The initial results of a Phase II study evaluating the efficacy and tolerability of the combination of lenalidomide and ofatumumab in patients with relapsed CLL was recently presented at the 2010 American Society of Hematology meeting.20 In this trial, ofatumumab was administered IV weekly for four weeks (300 mg week 1, 1000 mg week 2, and all subsequent doses), then monthly for months 2–6 and once every two months for months 7–24. Lenalidomide was given orally at a dose of 10 mg daily, starting on day 9 and continued daily. The treatment duration was 24 months. Results for the first 16 of 40 planned patients who have been on study for at least three months were presented. Four patients (25%) were refractory to fludarabine and all patients had received prior rituximab. Ten of the 16 evaluable patients achieved a response (two complete responses [13%], eight partial responses [50%]) for an objective response rate of 63%. Four patients with stable disease were continuing on treatment. The most common Grade 3–4 treatment-related adverse events observed were neutropenia (eight patients, 50%) and anemia (two patients, 13%). Lenalidomide-associated tumor flare reaction was limited to Grade 1 in two patients (13%). The authors concluded that the combination was therapeutically active in patients with relapsed CLL and was well tolerated.

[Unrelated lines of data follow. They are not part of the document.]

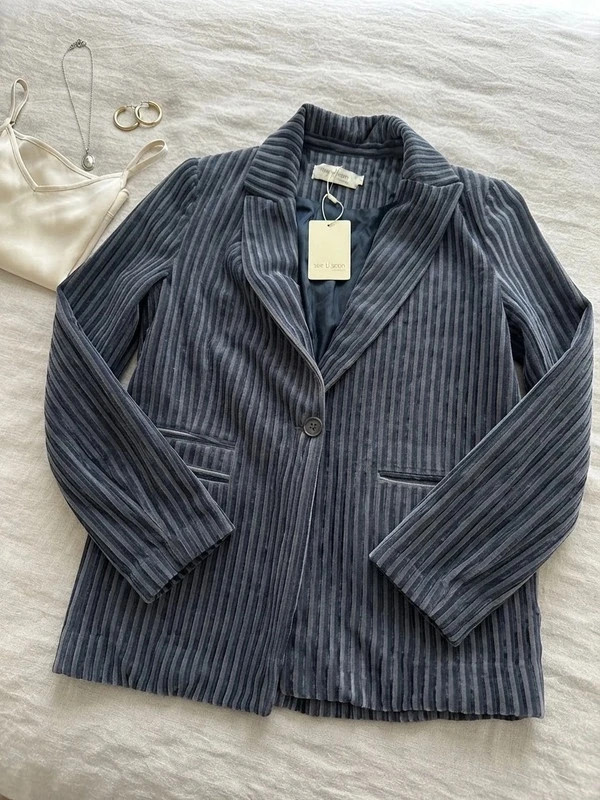 Blazer de terciopelo gris / Chaqueta de pana gris "See U Soon" Nueva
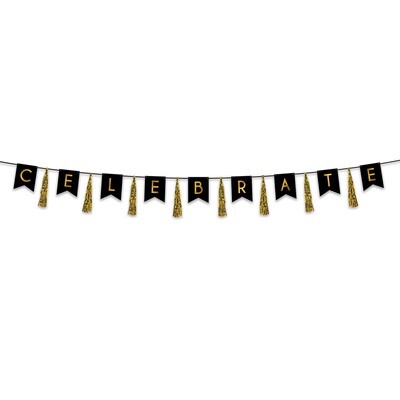 Celebrate Tassel Banner 13&quot; x 12ft+ amz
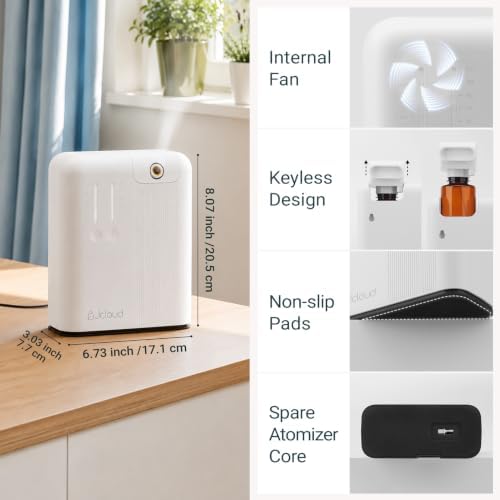 JCLOUD Waterless Essential Oil Diffuser 300 mL, Up to 1500 Ft², White - Image 7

The combination of high-dose methylprednisolone and ofatumumab was recently reported in patients with CLL not considered to be good candidates for chemotherapy due to comorbidities, poor performance status, profound cytopenia, or refractory status to fludarabine and/or alemtuzumab.21 Eight patients with progressive, symptomatic CLL were treated with high-dose methylprednisolone 1 g/m2 IV daily every 28 days for three consecutive cycles, and a single dose of ofatumumab 300 mg, followed by 11 doses of 2000 mg over a six-month period. The median patient age was 69 years, and the median number of prior treatments was 4.5, including four patients who had previously received high-dose methylprednisolone and rituximab and two patients who had undergone matched unrelated donor stem cell transplantation. All patients had been previously treated with rituximab, 75% had failed or were intolerant to fludarabine and/or alemtuzumab, and 75% had high-risk prognostic markers, including unfavorable cytogenetics, unmutated IgVH region genes, or high expression levels of zeta-associated protein. Most of the patients had bulky disease and splenomegaly. All patients completed the planned therapy with no major side effects or toxicities. There was no evidence of marrow suppression, and even patients with pancytopenia improved their peripheral blood counts with this salvage regimen. The objective response rate was 50% (four partial remissions), 25% of patients had stable disease, and the remainder showed progressive disease. These data suggest that the combination of high-dose methylprednisolone and ofatumumab is a safe and effective salvage regimen for high-risk CLL patients who otherwise would not be candidates for additional treatment. Further clinical studies of this combination are warranted.

Conclusion

Ofatumumab has significant antileukemic activity, and offers another effective agent with which to improve the outcome of patients with CLL/SLL. Further studies will clarify the optimal dose and time to use this drug. CLL refractory to fludarabine is a high-risk disease that has very few treatment options. In this regard, ofatumumab seems to be an effective agent. However, in the previously untreated CLL setting, we do not believe any of the current studies can justify using this therapy over one of the other more established and cost-effective regimens, such as fludarabine, cyclophosphamide, and rituximab. Ongoing clinical trials will determine the role of ofatumumab in CLL in both the upfront and the relapsed setting. Furthermore, randomized Phase III clinical trials will be required to determine if ofatumumab is a clinical advance over rituximab.